The macOS Natural Language framework and Nalaprop

One of the Mac’s great attractions has been its support for those whose first language isn’t English. That means many of you, as WordPress tells me that you speak German, Dutch, Chinese, Spanish, French, Italian, Japanese, Polish, Swedish, and more, although perhaps not all at once. While English is great as a lingua franca, our mother tongue is our culture and our literary tradition, and a multilingual world is far richer for all our languages.

What you may not realise is the deep support for your languages in macOS. I’m not here referring to Language & Region settings, or translation support, but to the features in the Natural Language framework, introduced in macOS 10.14. It provides support for apps to analyse text in many different natural languages and do useful things with those analyses. These days, that not only includes support provided by Apple, but enables apps to deploy custom natural language models using Machine Learning, or AI if you prefer the term.

AI seems a particular problem for non-English languages at present. In the headlong rush to be first with the most powerful Large Language Model, an industry dominated by monolingual US corporations has focussed its efforts almost entirely on English. Although most of the leading LLMs are claimed to be multilingual, and some include over 50 languages, their models are in reality overwhelmingly built on English, with less than 10% representing all other languages. And that small minority breaks down to even less when you consider individual languages: even major European languages like Italian barely get a look-in.

I’d be interested to hear of your experience accessing LLMs using non-English languages.

This is an area that Apple’s enthusiastic support for smaller, local models could make them more useful than hugely expensive LLMs built in all those US-run data centres.

When the Natural Language framework was first released for macOS, I built an app to demonstrate some of its powers, Nalaprop, and its current version still runs happily in Tahoe. Although it remains useful for some, I feel the time has come to make better use of this framework, or let Nalaprop slip away quietly with the arrival of macOS 27 this autumn/fall. Let me explain what it currently does.

Nalaprop relies on linguistic support modules loaded into macOS. As far as I can tell at present, those provide full support for English, French, Spanish, German, Italian, Portuguese, Russian and Turkish. It can also recognise many other languages, but support for those doesn’t extend to analysing them more fully.

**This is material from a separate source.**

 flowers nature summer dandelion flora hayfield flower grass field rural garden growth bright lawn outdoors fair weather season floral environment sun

Load your Mac up with a good selection of those, some you’d like it to aspire to, and give it an hour or so to download and install additional language support. Then open Nalaprop’s bundled demonstration text file drawn from Wikipedia’s many languages.

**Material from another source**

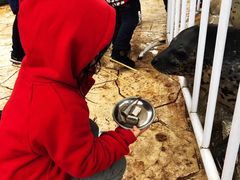 -芜湖新华联大白鲸海洋公园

It then analyses the text (on the left) for the common parts of speech, such as nouns, verbs, adjectives, and colours all the words according to that classification (in the centre). As you can see here, it’s not afraid to do this on texts containing multiple languages, and appears to make a good job of all those its supports.

The next stage is initiated by clicking on the MultiParse button, which performs an even more thorough analysis, including lemmas, converting words into their ‘root’ form. For example, the English word is is a form of the verb to be, just as the French est is of être, so Nalaprop displays that root form of the word in the centre panel. As you can see, this doesn’t do much for English, which doesn’t decline words much, but for many languages it can be a great help when you’re trying to understand them.

Given all those lemmatised forms, Nalaprop can then build word lists by parts of speech, classifying the word young as an adjective, and finding a total of 28 examples (on the right) in the text of Charles Dickens’ novella A Christmas Carol.

Since I wrote Nalaprop, the Natural Language framework has extended its capabilities, and there’s a great deal more that the app could do, even down to building gazetteers of place-names, exploring similarities between words and sentences using semantic distance, and of course integrating AI built into macOS.

Nalaprop is available from its Product Page.

Should I put it into retirement, or do something more useful with it, and if so, what would you find most useful?